Yes but that's part of the financial bargain authors can make in a free 
market. If the market isn't free fix it using Anti trust laws, RICO or 
whatever. It's sad that Milne's daughter-in-law gets no money but SHE 
didn't write Pooh, her father-in-lawdid and he took the money and 
ran...now if the terms of copyright were reduced to something reasonable 
then we all can share Pooh when it gets in the public domain.

BTW this is the argument for the original extension of 14yrs.

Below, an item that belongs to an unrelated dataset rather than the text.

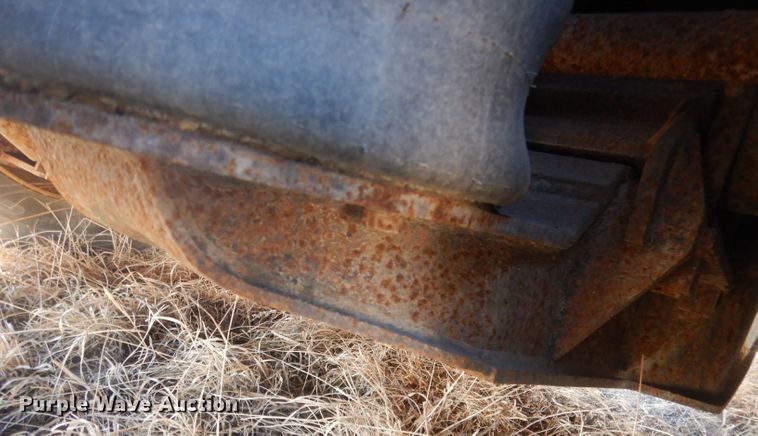 image for item DJ1275 1990 Talbert TDW305RGT1  lowboy equipment trailer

John Galt <galt@inconnu.isu.edu>
Sent by: owner-dvd-discuss@eon.law.harvard.edu
11/08/01 08:14 AM
Please respond to dvd-discuss

 
        To:     "'dvd-discuss@eon.law.harvard.edu'" <dvd-discuss@eon.law.harvard.edu>
        cc: 
        Subject:        RE: [dvd-discuss] Must Copyright terms be uniform?


On Thu, 8 Nov 2001, Ballowe, Charles wrote:

>Agreed -- but if a company (Disney?) still wishes to hold rights to
>something, wouldn't letting them do so and requiring a fee based on
>sales be potentially useful, particularly if that fee went directly

But then we get back to the real problem: AA Milne's daughter-in-law (Mrs. 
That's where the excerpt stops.